_Directions for this task_: Copy the entries below verbatim, omitting any pictures they contain.

_Entries provided_:
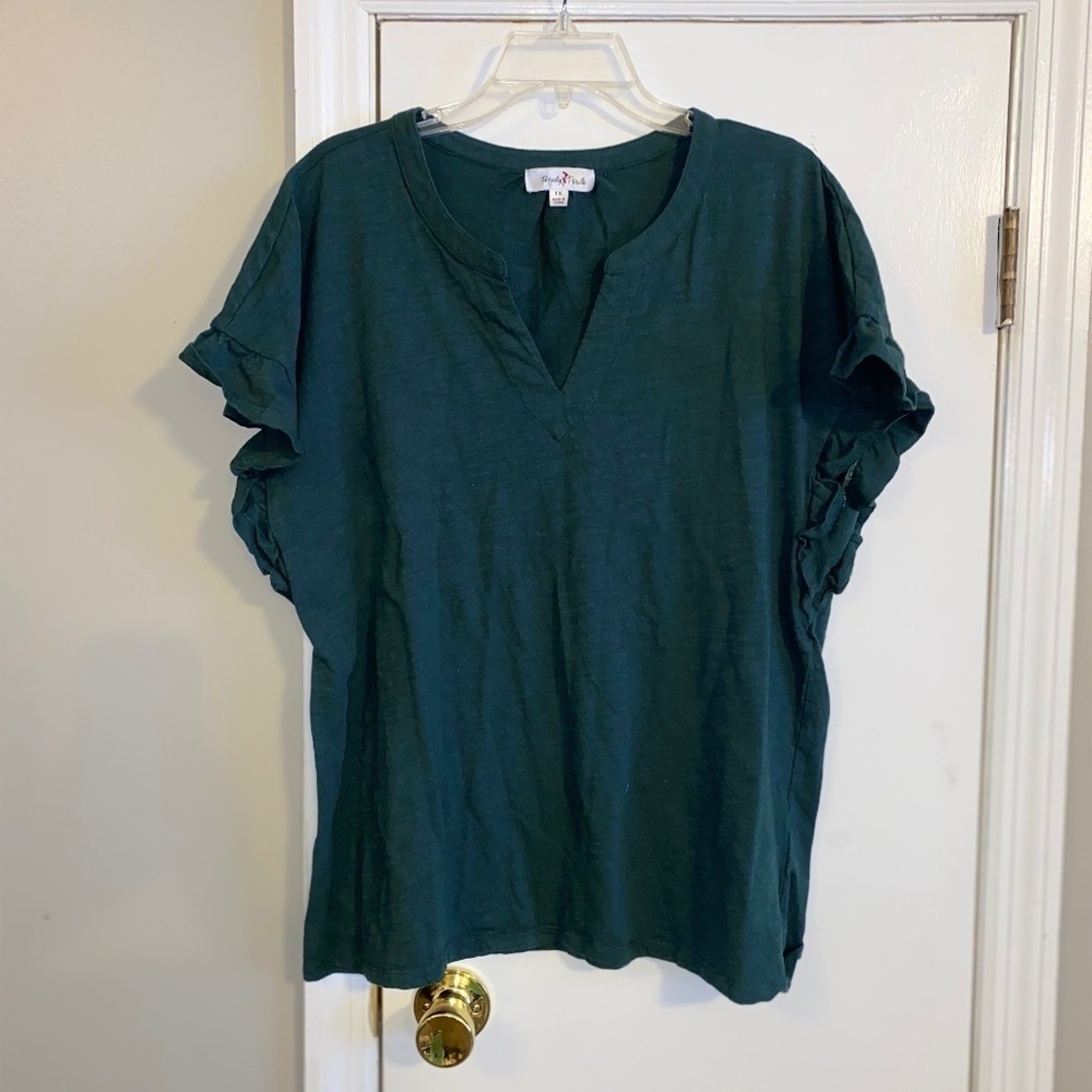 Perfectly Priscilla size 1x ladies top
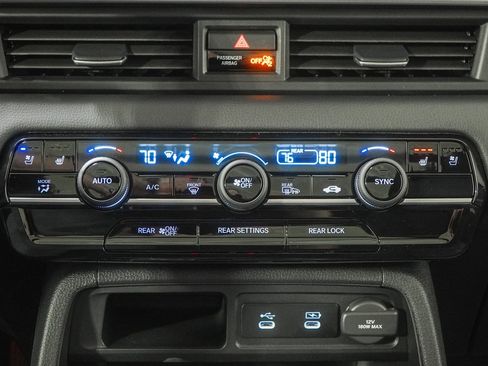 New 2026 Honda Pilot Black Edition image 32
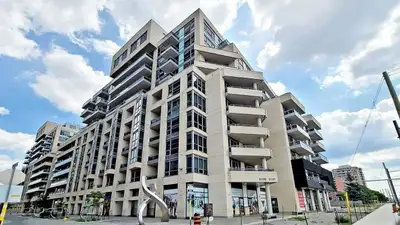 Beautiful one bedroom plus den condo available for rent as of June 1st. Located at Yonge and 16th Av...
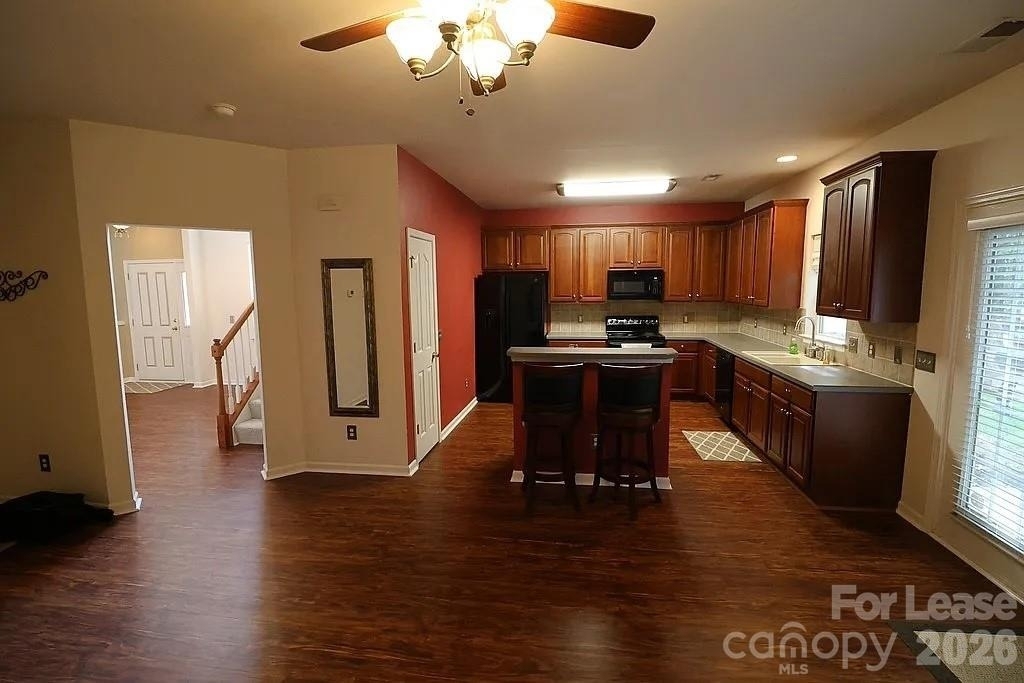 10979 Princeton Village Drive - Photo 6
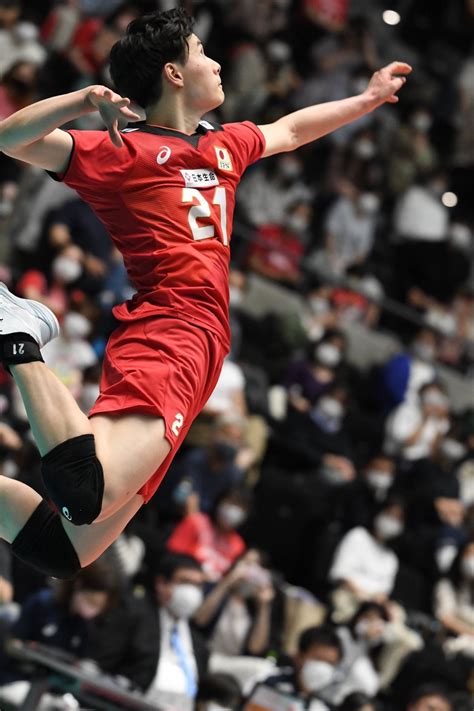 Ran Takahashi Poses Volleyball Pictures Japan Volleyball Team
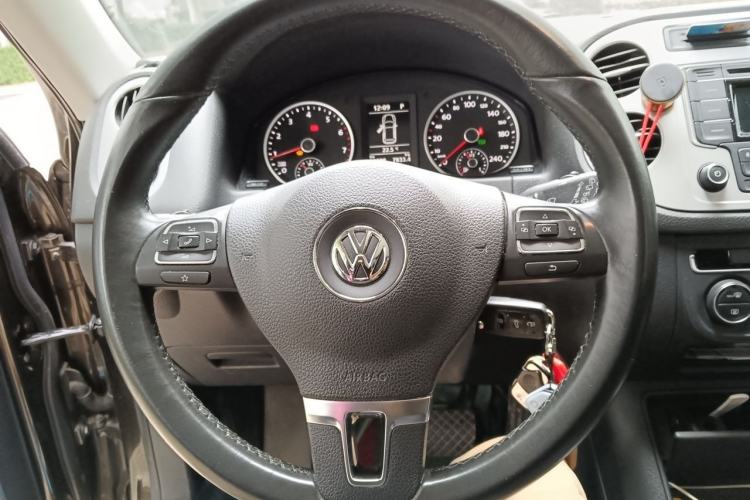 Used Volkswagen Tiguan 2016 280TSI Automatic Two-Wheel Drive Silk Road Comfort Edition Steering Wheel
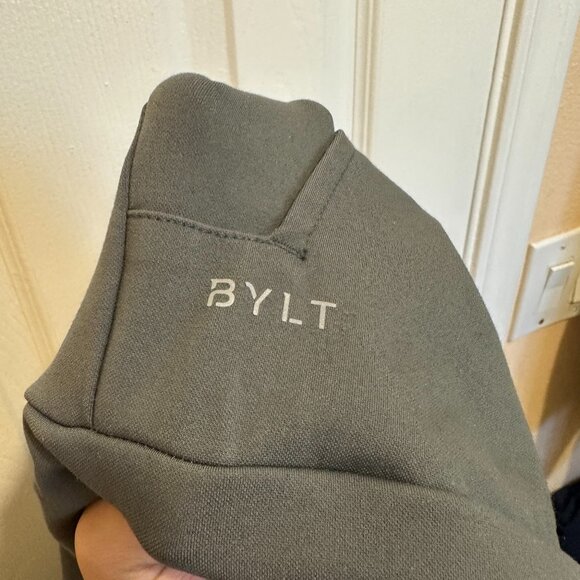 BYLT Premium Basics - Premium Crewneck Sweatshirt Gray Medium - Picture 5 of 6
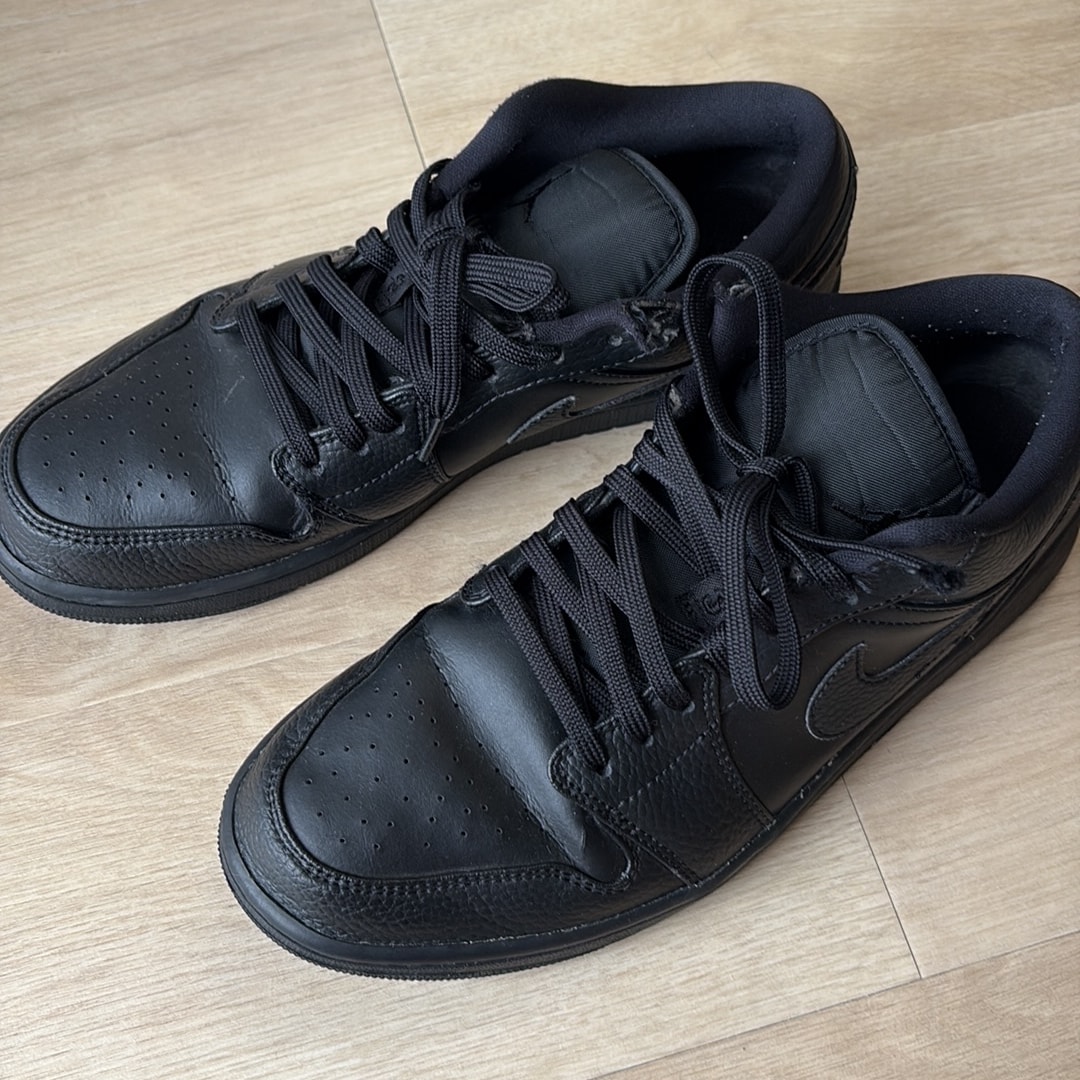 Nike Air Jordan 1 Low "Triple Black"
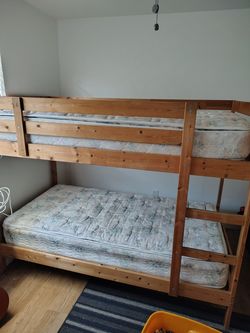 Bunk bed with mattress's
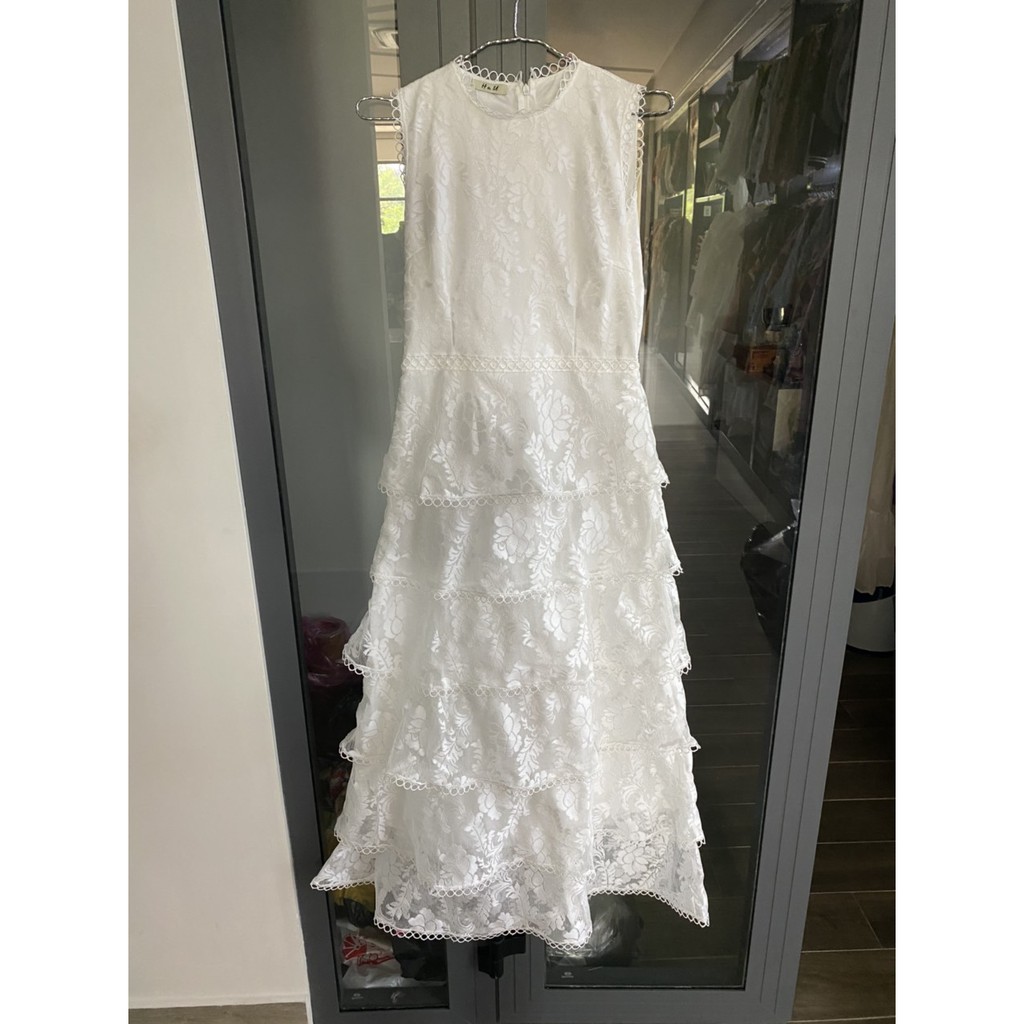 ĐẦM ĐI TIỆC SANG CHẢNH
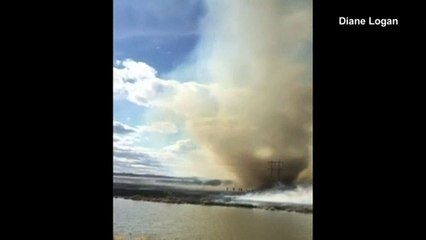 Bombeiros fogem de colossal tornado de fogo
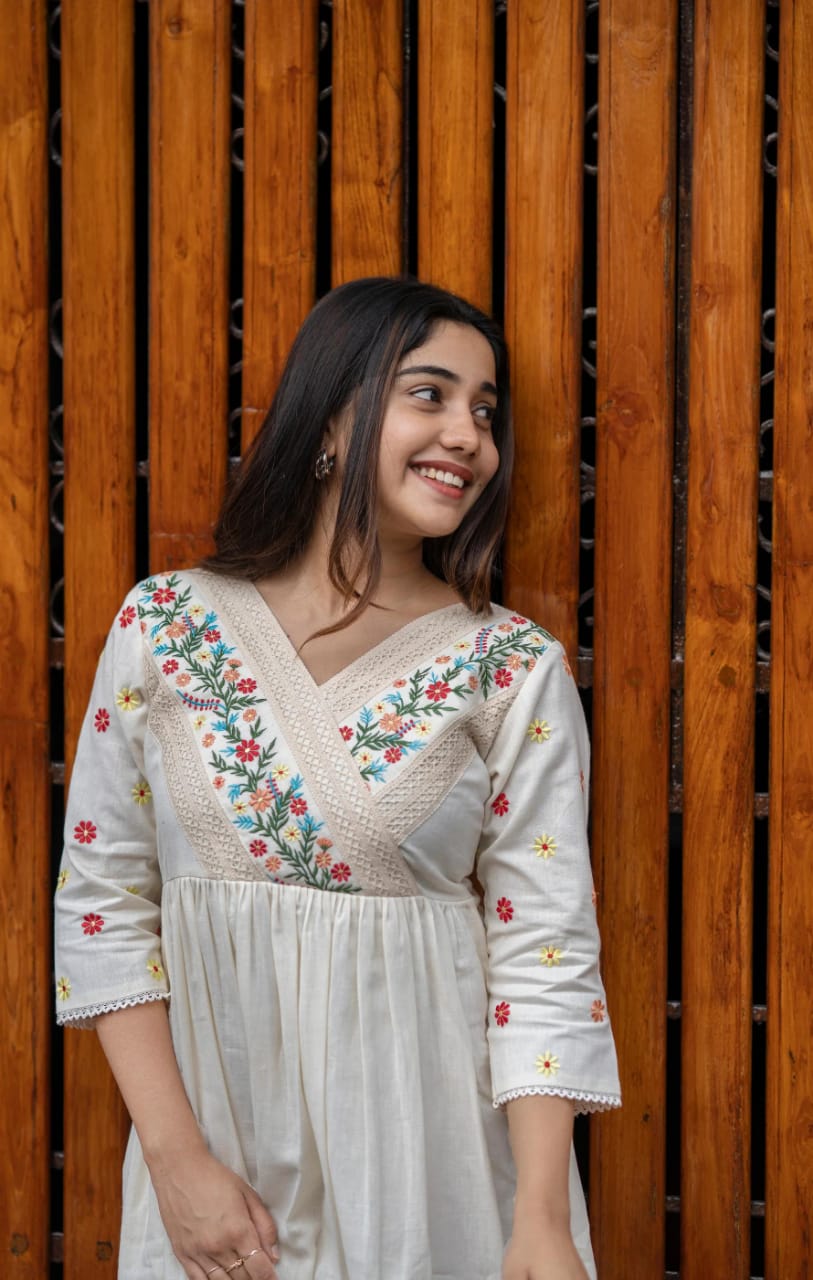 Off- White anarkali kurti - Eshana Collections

_Response_:
 Perfectly Priscilla size 1x ladies top
 New 2026 Honda Pilot Black Edition image 32
 Beautiful one bedroom plus den condo available for rent as of June 1st. Located at Yonge and 16th Av...
 10979 Princeton Village Drive - Photo 6
 Ran Takahashi Poses Volleyball Pictures Japan Volleyball Team
 Used Volkswagen Tiguan 2016 280TSI Automatic Two-Wheel Drive Silk Road Comfort Edition Steering Wheel
 BYLT Premium Basics - Premium Crewneck Sweatshirt Gray Medium - Picture 5 of 6
 Nike Air Jordan 1 Low "Triple Black"
 Bunk bed with mattress's
 ĐẦM ĐI TIỆC SANG CHẢNH
 Bombeiros fogem de colossal tornado de fogo
 Off- White anarkali kurti - Eshana Collections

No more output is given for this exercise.